Alba’s dissertation “Artistry and Industry:  studies the work of portrait artist George Peter Alexander Healy (1813-1894) and his investment in industrialization, attending to both the faces of industrialists he painted and to his own values, which epitomized principles at the core of industrialization. His often repetitive and highly  successful portraits constitute a fascinating world of private and public identities, social networks and commercial transactions. This summer, Alba will travel during a four-week period to various major U.S. institutions that hold archival material regarding Healy’s life and work.

Image Caption: George Peter Alexander Healy, Charles Goodyear, 1855. Oil on a sheet of rubber. Mattatuck Museum. Waterbury, CT. Photograph by Anne Cross.


Camilo Cárdenas

Art Department

For indigenous cultures around the world, artifacts, images, music and rituals are seen as storytelling tools that advance belief systems and develop cultural identity. Camilo’s research project, “Shaman as Artist”, analyzes the views and practices of shamans in the Colombian Amazon in search of potential parallels with contemporary art. By highlighting the commonalities in these seemingly different practices, this project aims to broaden cultural awareness of indigenous peoples and the fundamental ways in which we connect as humans. Observing the creative output of indigenous communities is an opportunity to broaden our current perception of what art and art-making can accomplish for society, given that their creations are central to the spiritual, physical and political advancement of their communities. This research project will culminate with a series of short films and a body of sculptural works.

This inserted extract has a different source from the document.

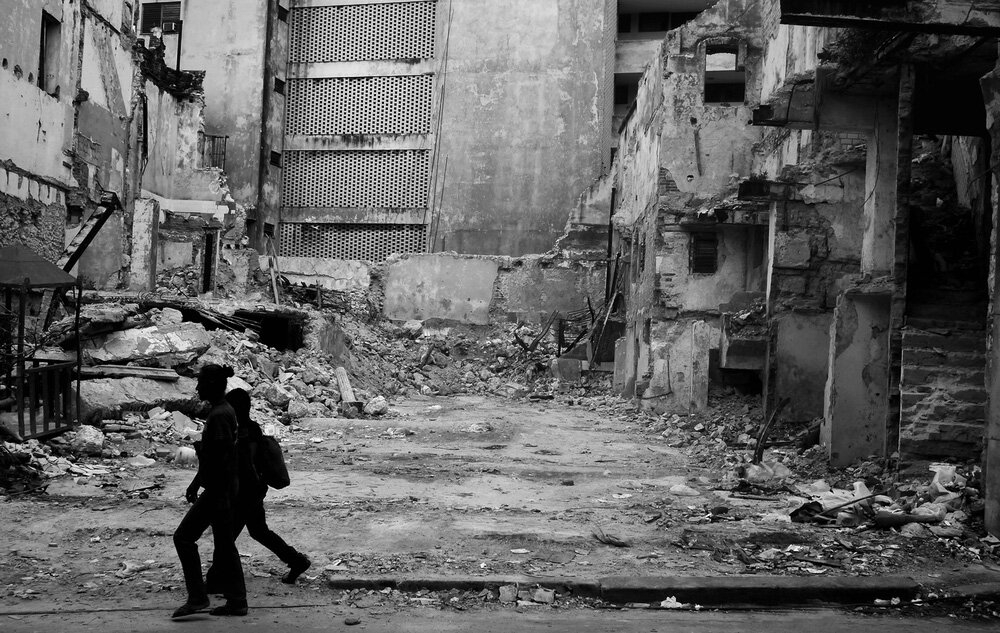 Streetscape No. 2, Havana, Cuba: After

Image caption: Traditional Maloka meeting house of the Muinane indigenous group, near Leticia, Colombia. Photo by Camilo Cárdenas.


Jessica Conrad

English Department

Jessica Conrad is building a digital humanities project called Activist Artifacts that showcases print, visual, and material culture of nineteenth-century reform movements in America for the purposes of public awareness and higher education. The exhibit tells the story of nineteenth-century resistance and reform movements through the objects activists made, boycotted, bought, and used—a pin cushion, a silk handkerchief, a root beer advertisement, a newspaper. The project seeks first to bring awareness to a fascinating part of American history, second to make tools available to educators who share an appreciation for material culture, and finally to strengthen public understanding of the power that objects and print have in effecting change.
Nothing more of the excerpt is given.